◆ EXERCISE:
Return exactly the lines of the entries that start at the line containing "The Villain’s Daughter" and continue to the last line. Omit the pictures.

◆ RECORDS SHOWN:
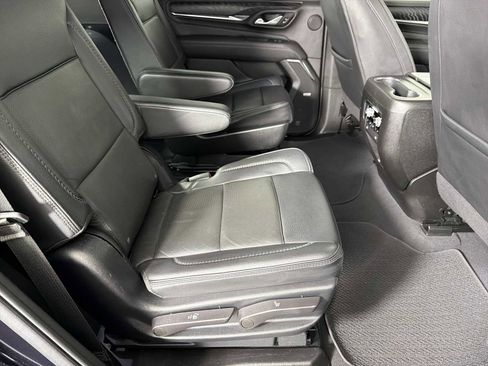 Used 2023 GMC Yukon Denali image 14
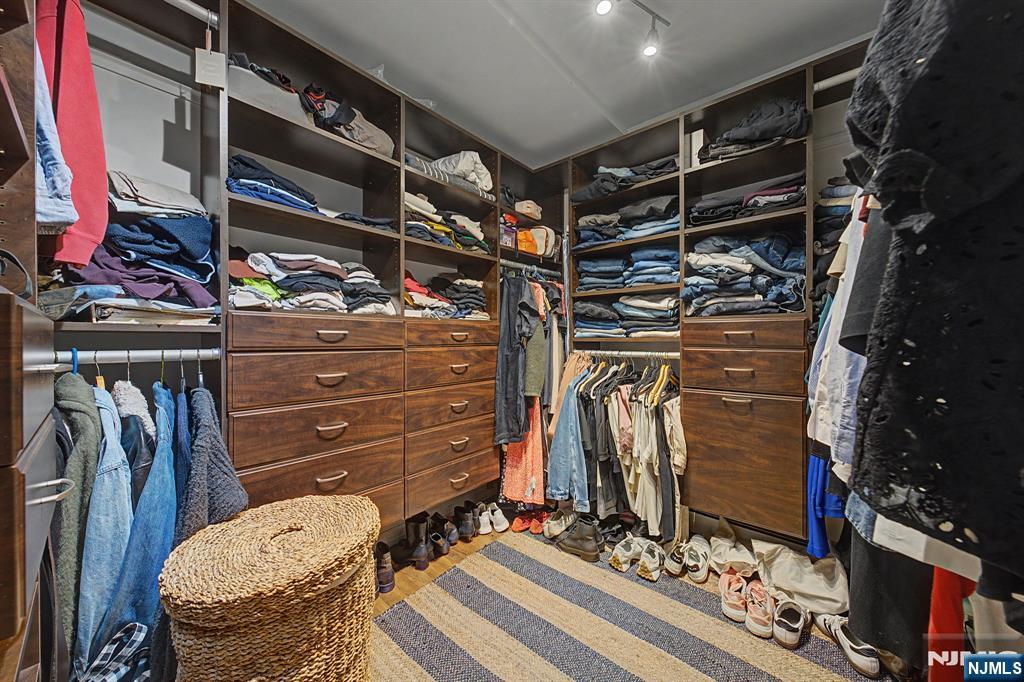 89 Closter Dock Road Property Photo 14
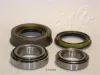 Radlagersatz Vorderachse ASHIKA 44-11021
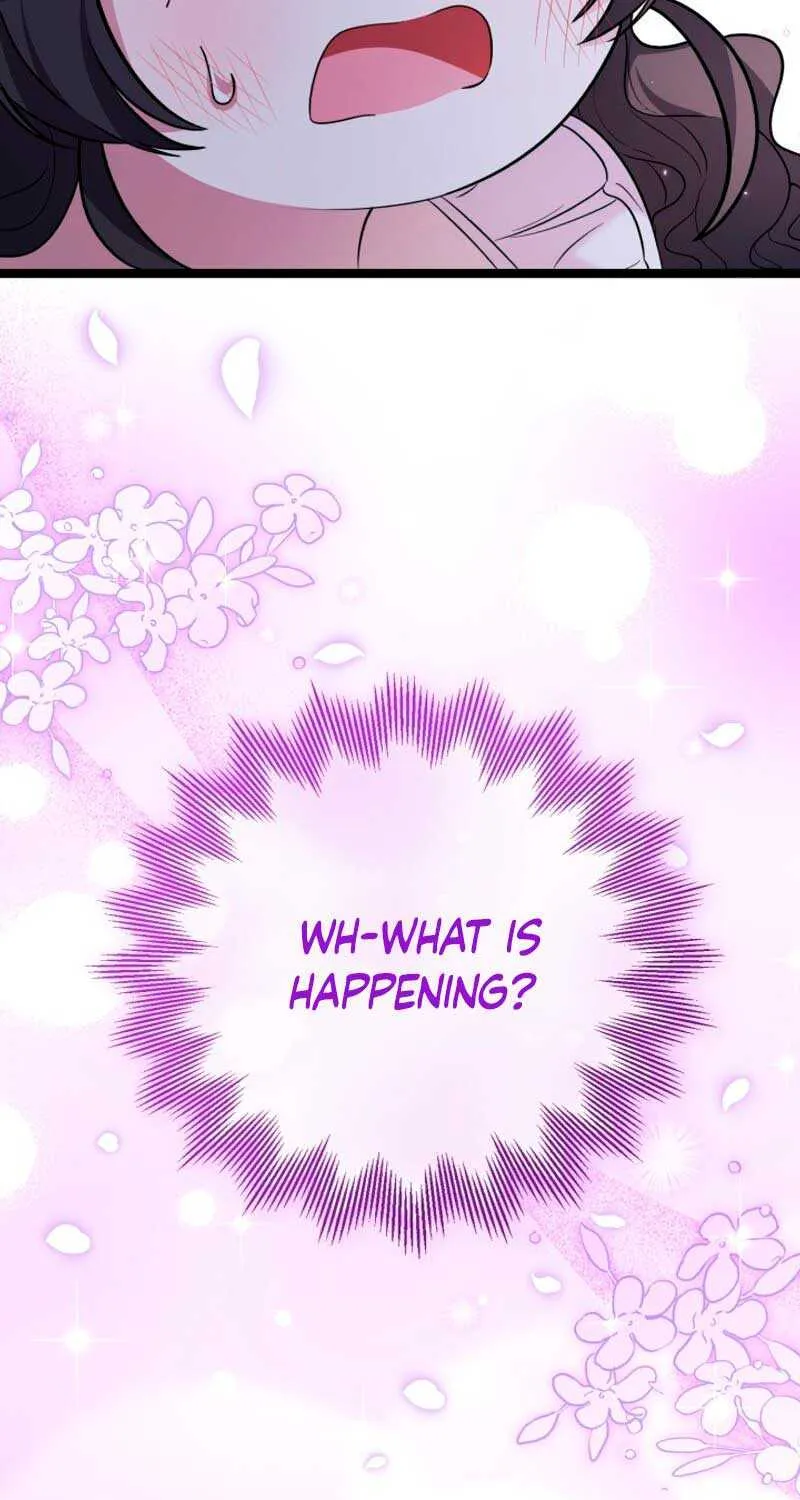 The Villain’s Daughter Plans to Run Away Chapter 8 page 110 - 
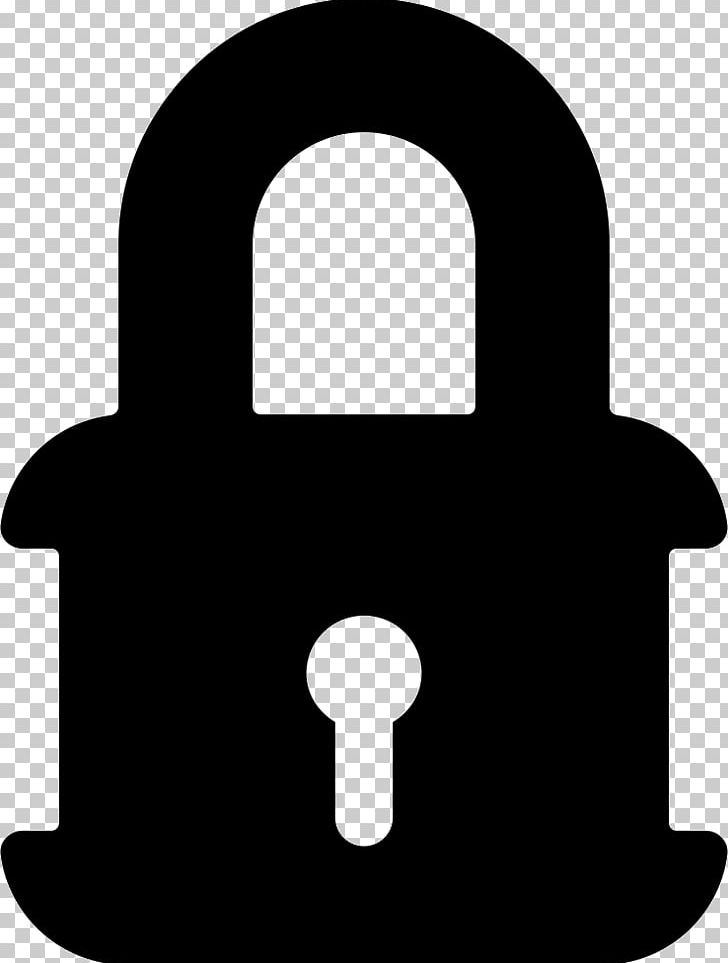 Computer Icons Symbol Encapsulated PostScript Padlock PNG, Clipart, Cdr, Computer Icons, Download, Encapsulated Postscript, Hardware Accessory Free PNG Download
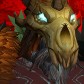 Dozul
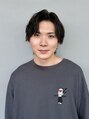 ジョーカー(JOKER) 川辺 龍清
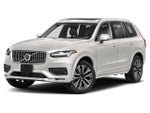 2021 Volvo XC90 T6 AWD Momentum 7P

◆ WORKED SOLUTION:
 The Villain’s Daughter Plans to Run Away Chapter 8 page 110 - 
 Computer Icons Symbol Encapsulated PostScript Padlock PNG, Clipart, Cdr, Computer Icons, Download, Encapsulated Postscript, Hardware Accessory Free PNG Download
 Dozul
 ジョーカー(JOKER) 川辺 龍清
 2021 Volvo XC90 T6 AWD Momentum 7P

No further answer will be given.